Assigned task — For this exercise, please find the lines in the entries that include the word "Windows" and copy them.

========================================

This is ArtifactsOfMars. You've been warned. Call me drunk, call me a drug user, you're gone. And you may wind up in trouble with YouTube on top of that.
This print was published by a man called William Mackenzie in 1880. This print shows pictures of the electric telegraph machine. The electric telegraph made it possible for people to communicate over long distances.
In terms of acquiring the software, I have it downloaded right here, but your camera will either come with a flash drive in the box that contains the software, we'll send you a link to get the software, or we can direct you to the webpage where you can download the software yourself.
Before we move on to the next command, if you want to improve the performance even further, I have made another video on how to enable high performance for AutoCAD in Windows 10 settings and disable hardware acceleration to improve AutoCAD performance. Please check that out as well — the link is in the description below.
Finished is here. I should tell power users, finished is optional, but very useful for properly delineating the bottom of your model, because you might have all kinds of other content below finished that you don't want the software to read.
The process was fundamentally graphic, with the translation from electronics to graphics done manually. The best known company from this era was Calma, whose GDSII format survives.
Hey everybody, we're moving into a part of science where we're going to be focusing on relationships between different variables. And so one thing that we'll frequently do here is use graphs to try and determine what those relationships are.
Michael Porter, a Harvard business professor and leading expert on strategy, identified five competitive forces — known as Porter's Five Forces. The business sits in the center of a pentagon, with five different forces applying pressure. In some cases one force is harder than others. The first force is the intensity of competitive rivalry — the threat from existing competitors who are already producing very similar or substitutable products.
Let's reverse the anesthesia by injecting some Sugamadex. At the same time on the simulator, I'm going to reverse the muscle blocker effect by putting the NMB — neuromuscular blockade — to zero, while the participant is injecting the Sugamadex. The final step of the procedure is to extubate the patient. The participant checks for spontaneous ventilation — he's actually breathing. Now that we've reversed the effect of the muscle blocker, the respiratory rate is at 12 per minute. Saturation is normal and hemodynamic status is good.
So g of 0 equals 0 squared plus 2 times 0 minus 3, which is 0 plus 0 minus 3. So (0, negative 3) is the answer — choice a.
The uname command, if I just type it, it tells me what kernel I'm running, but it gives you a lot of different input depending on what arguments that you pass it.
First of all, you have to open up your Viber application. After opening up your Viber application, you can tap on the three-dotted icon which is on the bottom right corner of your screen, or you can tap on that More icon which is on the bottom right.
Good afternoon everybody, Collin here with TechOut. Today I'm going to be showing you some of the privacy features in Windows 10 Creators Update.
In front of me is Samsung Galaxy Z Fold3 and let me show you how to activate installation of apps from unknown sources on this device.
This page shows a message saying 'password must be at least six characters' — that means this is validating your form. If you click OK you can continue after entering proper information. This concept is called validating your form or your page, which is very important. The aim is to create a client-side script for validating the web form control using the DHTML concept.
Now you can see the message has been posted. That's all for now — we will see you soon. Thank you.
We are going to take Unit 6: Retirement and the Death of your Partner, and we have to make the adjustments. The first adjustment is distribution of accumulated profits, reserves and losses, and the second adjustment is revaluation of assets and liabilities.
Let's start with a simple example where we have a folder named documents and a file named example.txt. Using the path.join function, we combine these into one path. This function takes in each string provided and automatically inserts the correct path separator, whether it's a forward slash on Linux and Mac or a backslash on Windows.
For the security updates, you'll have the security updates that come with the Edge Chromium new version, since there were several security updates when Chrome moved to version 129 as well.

========================================

Answer for this exercise —
Before we move on to the next command, if you want to improve the performance even further, I have made another video on how to enable high performance for AutoCAD in Windows 10 settings and disable hardware acceleration to improve AutoCAD performance. Please check that out as well — the link is in the description below.
Good afternoon everybody, Collin here with TechOut. Today I'm going to be showing you some of the privacy features in Windows 10 Creators Update.
Let's start with a simple example where we have a folder named documents and a file named example.txt. Using the path.join function, we combine these into one path. This function takes in each string provided and automatically inserts the correct path separator, whether it's a forward slash on Linux and Mac or a backslash on Windows.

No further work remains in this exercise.